So if speed test scores don’t matter, what does? Forget scores. It’s load time in milliseconds and page weight. Cumulative file size (page weight) is expressed in kilobytes or megabytes. Load time and weight make the biggest difference, especially for mobile audiences. Speed is critical for a good user experience (UX). Readable, relevant content is most important for SEO. But impatient visitors won’t wait for slow pages. Then you waste your hard-earned relevant content and it’s never seen. Most sites are “not good enough” for mobile users.

Google gives you technical speed suggestions. These are published in their webmaster recommendations. Few make any difference in mobile speed. Why? Is it sadistic torment of website owners? We wonder. The most infamous waste is testing with Google PageSpeed Insights.

v5 of the PageSpeed Insights API was released in November 2018. It now uses Lighthouse as its analysis engine and also incorporates field data provided by the Chrome User Experience Report (CrUX).

We still feel this version 5 is the most inferior speed test for site evaluation.  We don’t recommend it. Google conveniently now excludes Google Analytics and Google Fonts from the scoring. What? You’ve got to be kidding! Those things slow sites down – and they’re sweeping that liability under the carpet? Absurdity. Biased results.
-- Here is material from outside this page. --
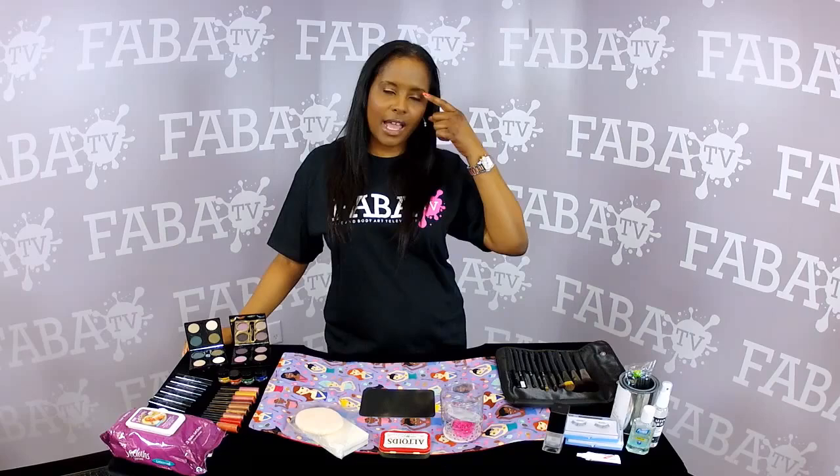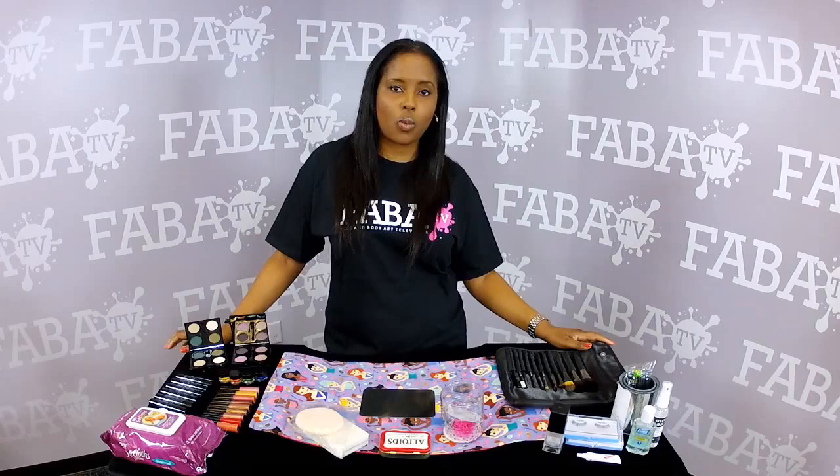When you're applying powder under the eye to catch the falling eye shadow, make sure that your powder is not too light, because most people like to use a white or yellow colored powder that's very light, so you want to make sure you don't go too light.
They changed the scoring so everyone wins. It’s a fake guarantee. So what do we recommend? Pingdom.com or WebPagetest.org.

Google PageSpeed Insights mobile test results for PagePipe homepage. Perfect but still lame recommendations cause site owners anxiety. Wasteful expenditure of time and energy.
Google PageSpeed Insights desktop test results for PagePipe homepage. Perfect buts still insane recommendations cause site owners anxiety. Wasteful expenditure of time and energy.

Here are some weird things Google often recommends *fixing*:

1Eliminate render-blocking JavaScript and CSS in above-the-fold content.

This imperious rule is a great waste of time. WordPress almost always breaks this rule. The return on investment in improved speed is impossible to measure. It’s so small and insignificant. And there is a high risk of breaking your site. If this *fix* tempts you, you’re a programmer and should leave PagePipe. You’ll hear disturbing things you don’t like here.  Plugins don’t help much – like the oft-recommended Async JS plugin. Work on other things that are more important like image optimization or removing heavy assets like chat, sliders, header video, and third-party services.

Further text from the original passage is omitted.